Flagged and filtered samples

In the usual data-taking flow, the trigger and stripping are run in filtering mode, whereby events that don’t pass any trigger line or any stripping line are thrown away. In the simulation, it’s often useful to keep such events so that the properties of the rejected events can be studied. The trigger and stripping are then run in flagging mode, such that the decisions are only recorded for later inspection. Filtered Monte Carlo can be produced for analyses that need lots of events.

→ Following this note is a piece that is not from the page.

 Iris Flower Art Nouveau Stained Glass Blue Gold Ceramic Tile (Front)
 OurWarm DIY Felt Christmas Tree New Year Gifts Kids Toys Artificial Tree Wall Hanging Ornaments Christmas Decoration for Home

After all this, you will be presented with a ALLSTREAMS.DST entry. By clicking on it we finally see a list of files that we can process. At the bottom right of the page there is a “Save” button which will let us download a file specifying the inputs that we’ll use for running our DaVinci job. Click it, select “Save as a python file”, and add .py to the end of the text in “Save As…”. Clicking “Save” once again in the pop-up menu will start the download. Save this file somewhere you can find it again.

A copy of the file we just downloaded is available here.


Once you get a bit of experience with navigating the bookkeeping you can take a shortcut! At the bottom of your browser window there is a text field next to a green “plus” symbol. You can directly enter a path here to navigate there directly. For example you could go straight to: evt+std://MC/2016/27163002/Beam6500GeV-2016-MagDown-Nu1.6-25ns-Pythia8/ by typing this path and pressing the Go button.

Find your own decay!

Think of a decay and try to find a Monte Carlo sample for it. You could use the decay that your analysis is about, or if you don’t have any ideas you could look for the semileptonic decay \(` \Lambda_{b}^{0} \to \Lambda_{c}^{+}\mu^{-}\bar{\nu}_{\mu} `\), where the \(` \Lambda_{c}^{+} `\) decays to \(` pK^{-}\pi^{+} `\).

If you would like to find out more about how the event types define the signal decay, you can look at the documentation for the DecFiles package.